Setelah dikeluarkan Totto-chan bersekolah di Tomoe Gakuen sebuah sekolah yang unik. Sebuah sekolah yang mempergunakan gerbong kereta sebagai kelas mereka. Sebenarnya bukan hanya gerbong kereta yang membuat unik sekolah itu, justru prinsip pendidikannya. Sekolah Tomoe Gakuen menjadikan anak didik mereka sebagai subjek dalam hidupnya. Saat Totto-chan pertama kali datang ke sekolah itu, kepala sekolah menempatkan dirinya sejajar dengan Totto-chan dan memancing Totto-chan untuk mengungkapkan dirinya dengan mendengarkan semua cerita Totto-chan dengan tulus dan penuh perhatian. Waktu yang dihabiskan hampir setengah hari hanya untuk mendengar cerita seorang anak kecil yang baru dikenal. Luar biasa saya pikir, saya pun kadang merasa bosan bila anak pertama saya yang seusia Totto-chan terus bercerita tanpa mengenal waktu. Saya harus belajar banyak dari kepala sekolah ini.

Kegiatan belajar di Tomoe Gakuen sangat menarik. Semua anak dibebaskan untuk memilih pelajaran apa yang ingin dipelajari. Boleh duduk di mana saja. Boleh bermain apa saja. Boleh menari dan menyanyi. Setiap anak memiliki pohon yang akan mereka rawat sebagai milik mereka. Sangat menyenangkan saya pikir. Saat itu juga terlintas pengalaman masa kecil yang saya alami dimana belajar di sekolah bukanlah hal yang menyenangkan. Saya harus memakai seragam rapi, duduk dengan manis dan belajar sesuai dengan jadwal yang sudah ditentukan. Saya pikir saat ini pendidikan seperti inilah yang sebagian besar masih diberlakukan.

Memang ada beberapa sekolah yang sudah mengadopsi prinsip pendidikan seperti Tomoe Gakuen namun hanya sedikit dan itupun mahal. Kata mahal sebetulnya sangat relative tergantung dihubungkan dengan seperti apa prinsip pendidikan dan fasilitasnya. Atas dasar prinsip pendidikan seperti inilah saya memasukan anak saya ke sebuah sekolah yang paling tidak saya anggap memahami psikologis seorang anak. Sehingga anak saya tidak usah mengalami nasib malang yang dialami ibunya. Terpasung kreatifitasnya dan menjadi robot yang dikendalikan oleh guru-guru mereka. Menjadi manusia yang menyebalkan.

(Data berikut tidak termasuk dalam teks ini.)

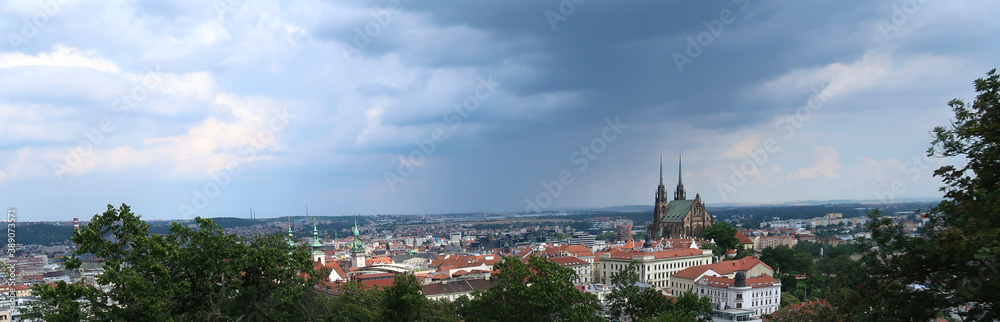 Aerial view of Brno city with dark cumulus clouds above. The rain and storm is comming. Petrov, Cathedral of St. Peter and Paul. South Moravia, Czech Republic.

Membaca buku Totto–chan dengan kondisi saya sebagai seorang ibu yang memiliki anak seusianya membuat buku ini serasa hidup. Sangat nyata saya rasakan. Ekspresi totto-chan adalah ekpresi anak saya sendiri. Namun sedihnya saya belum bisa bersikap seperti ibu Totto-chan yang begitu memahami anaknya. Ibu Totto-chan selalu menganggap penting apa yang dilakukan anakknya. Menghargai dan mendengarkan pendapat dan keinginan anaknya. Mempercayai keputusan yang dilakukan anakknya sambil terus membimbing dan mengarahkan. Saya saat ini kadang masih bersikap otoriter. Kurang mau mendengarkan dan menghargai suara anak saya. Bahkan beberapa saat kami terlibat perdebatan panjang dalam memutuskan suatu hal, dan bisa dipastikan sebagian besar saya yang memutuskan.

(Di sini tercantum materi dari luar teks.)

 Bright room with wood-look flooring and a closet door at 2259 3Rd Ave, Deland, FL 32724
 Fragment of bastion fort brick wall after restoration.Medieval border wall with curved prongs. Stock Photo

Saya harus terus belajar menjadi seorang ibu. Melihat anak-anak saya sebagai seorang individu otonom dan unik. Mendengarkan mereka untuk mengetahui apa yang mereka inginkan agar saya bisa mengarahkan mereka pada hal yang baik dan benar. Merasakan kehadiran mereka sebagai anugerah yang harus saya rawat dengan sebaiknya. Agar kelak mereka bisa jadi generasi yang lebih baik dari orang tuanya saat ini. Semangat meng-ibu harus tetap dikobarkan. Semoga!!!

Komentar

  1. Totto-chan, anak yang beruntung...dari kenakalannya menuju sekolah yang dapat membentuk kenakalan yang lebih sistematis.... (keren sebagai informasi...)



    salam...

    BalasHapus

Posting Komentar

Postingan populer dari blog ini

Ingin Kembali!

Sunan Ampel dan Cardinal Virtue

Metaverse Untuk Kuliah Lapangan.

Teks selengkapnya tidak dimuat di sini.